Exactly reproduce the lines of the listing below from the one containing "3 bedrooms House" through the one containing "100 Lakeforest Drive". Skip the images.

ENTRIES SUPPLIED =
──────────

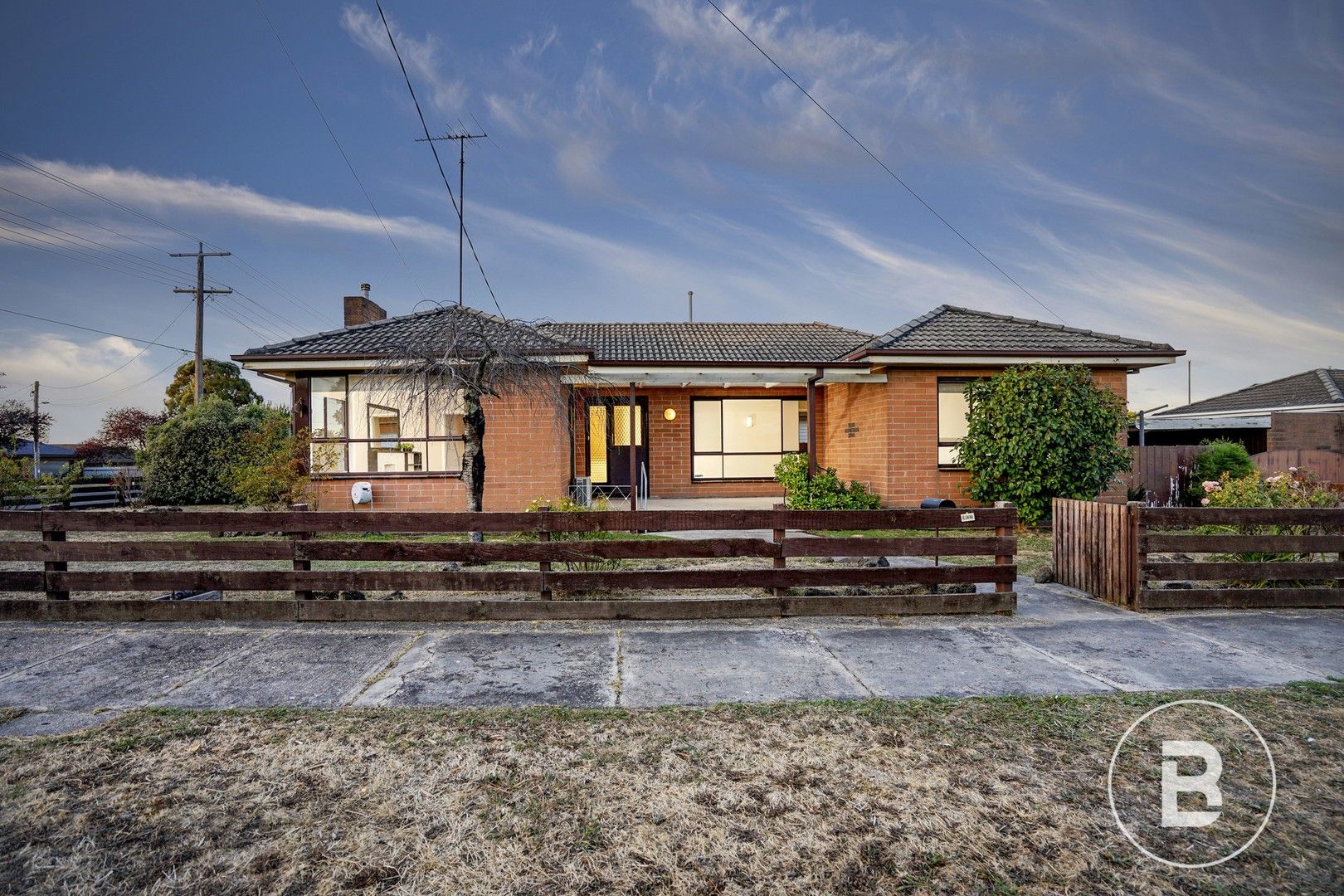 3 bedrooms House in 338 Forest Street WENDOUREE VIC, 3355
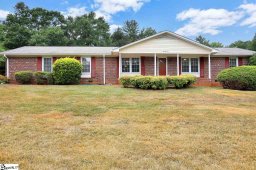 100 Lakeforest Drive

──────────

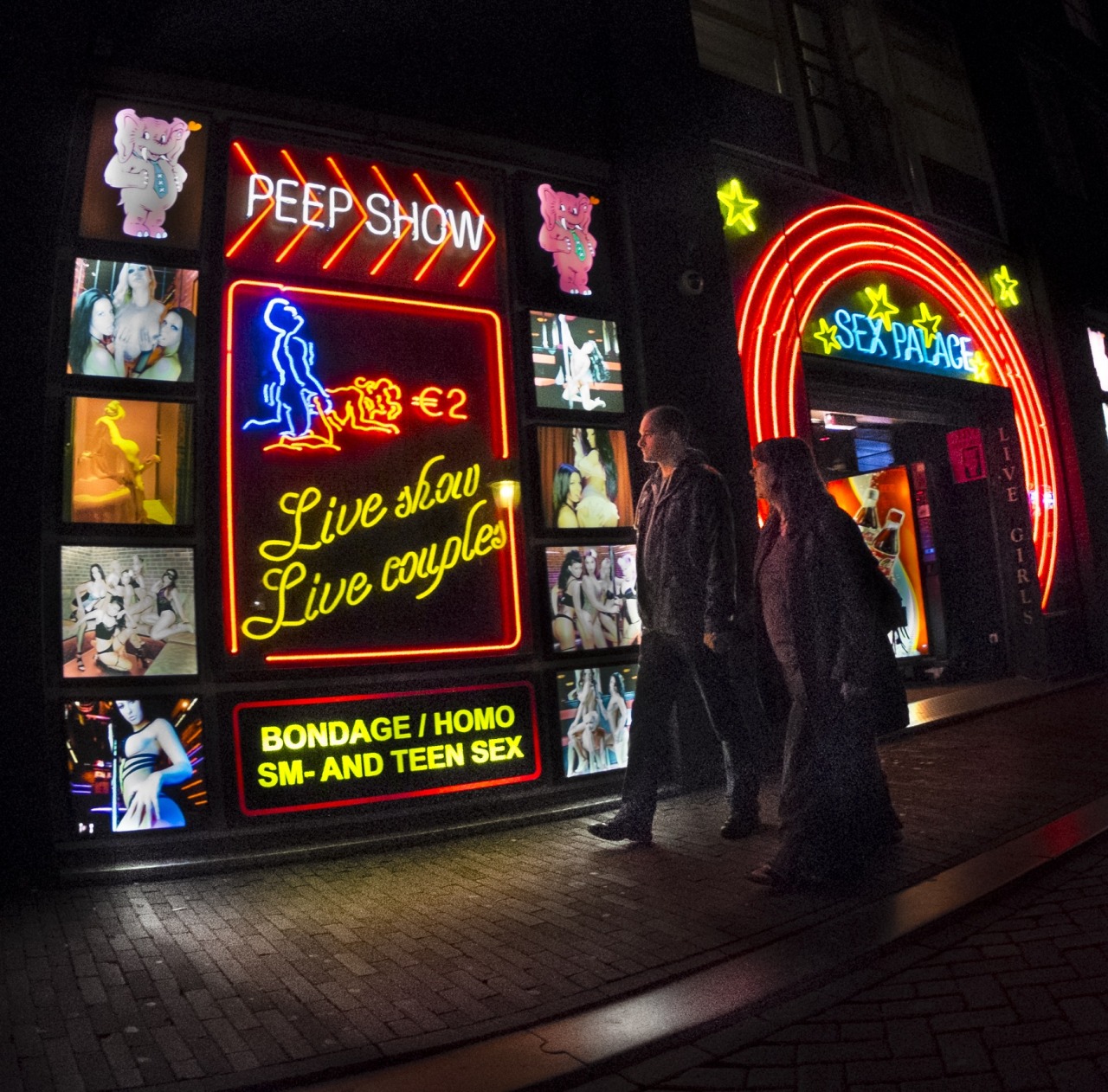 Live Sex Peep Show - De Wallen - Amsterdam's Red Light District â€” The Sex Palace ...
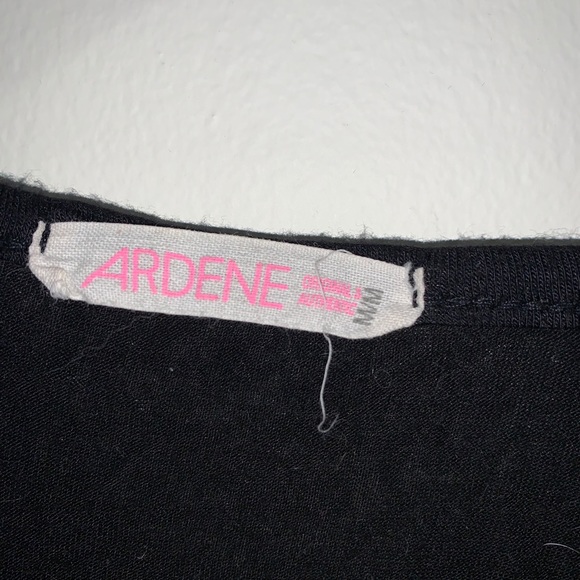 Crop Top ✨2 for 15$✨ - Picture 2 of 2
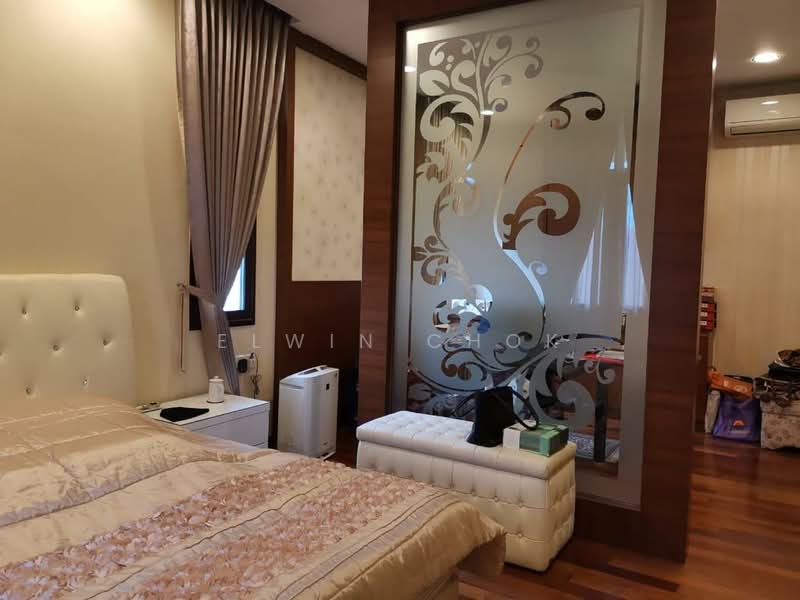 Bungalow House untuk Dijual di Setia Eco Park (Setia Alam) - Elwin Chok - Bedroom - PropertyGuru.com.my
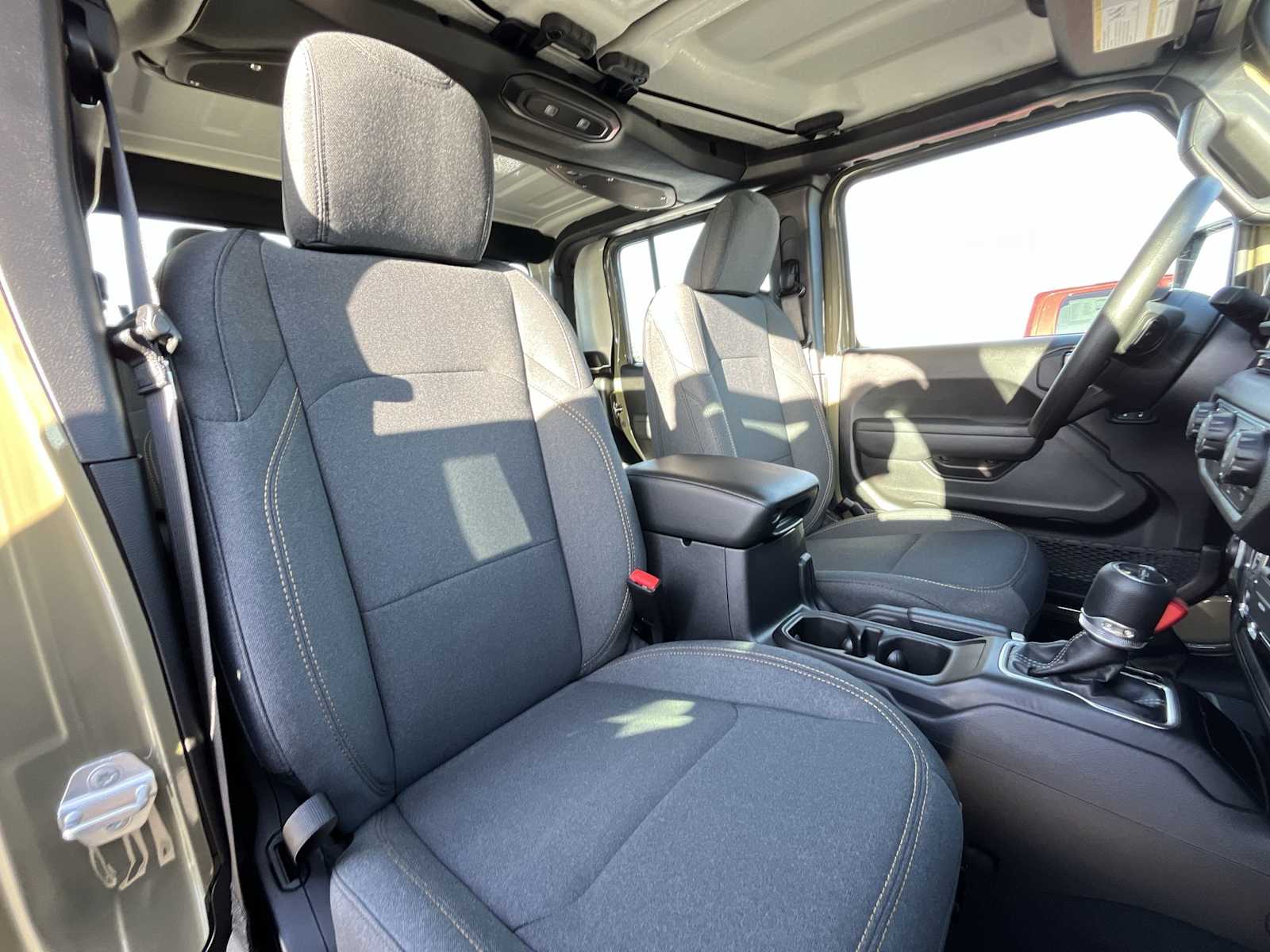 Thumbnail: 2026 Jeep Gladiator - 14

──────────

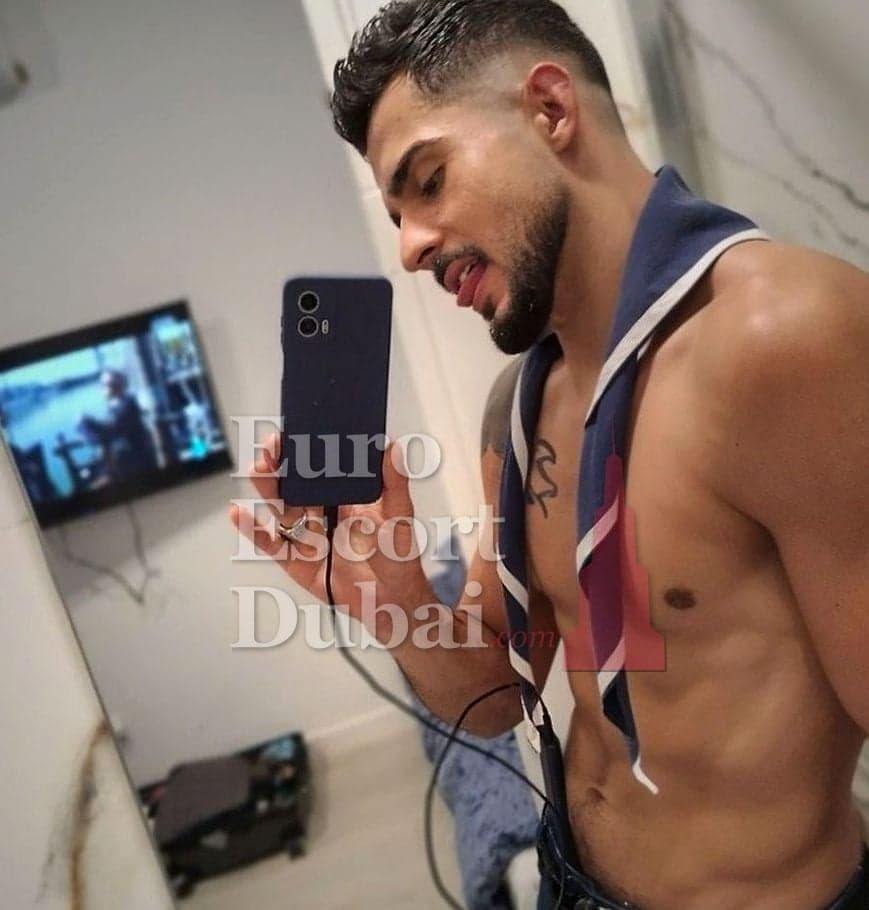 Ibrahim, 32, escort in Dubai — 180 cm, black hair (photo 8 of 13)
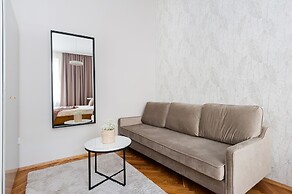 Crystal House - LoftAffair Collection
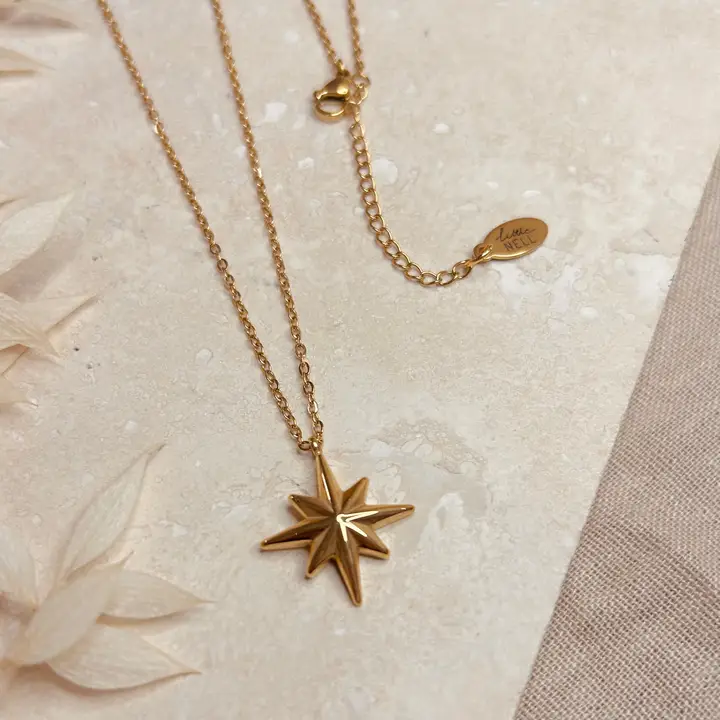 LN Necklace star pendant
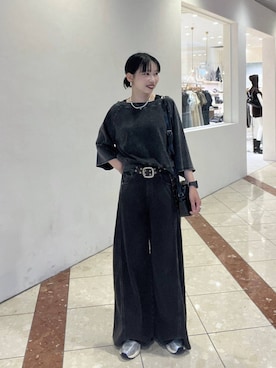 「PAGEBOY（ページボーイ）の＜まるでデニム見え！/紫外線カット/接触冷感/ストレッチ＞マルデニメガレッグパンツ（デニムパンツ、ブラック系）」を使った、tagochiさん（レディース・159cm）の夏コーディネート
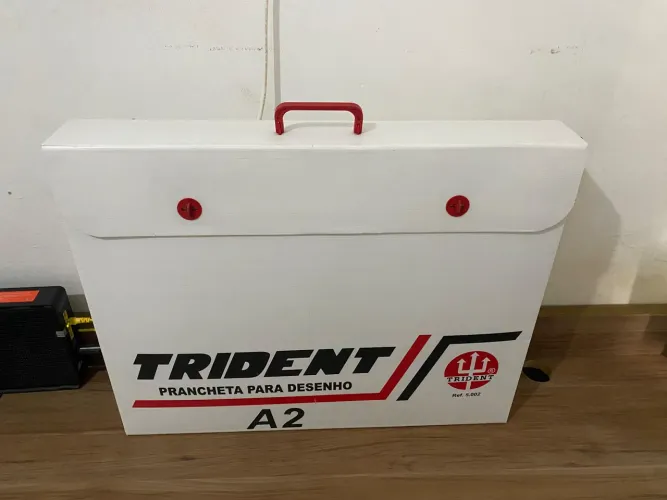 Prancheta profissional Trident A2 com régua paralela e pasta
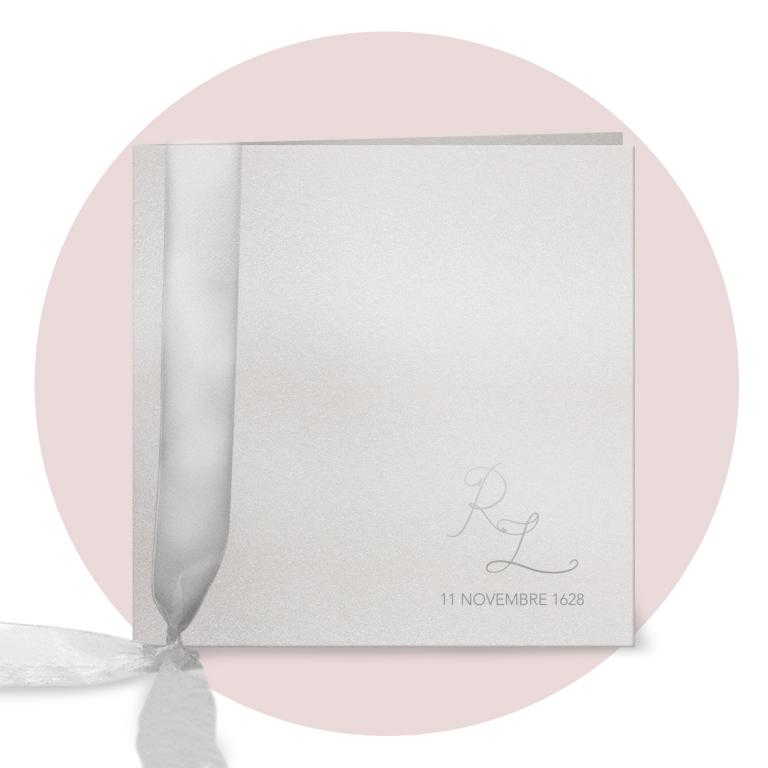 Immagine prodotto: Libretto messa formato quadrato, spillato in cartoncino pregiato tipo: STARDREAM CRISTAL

──────────

YOUR SOLUTION =
 3 bedrooms House in 338 Forest Street WENDOUREE VIC, 3355
 100 Lakeforest Drive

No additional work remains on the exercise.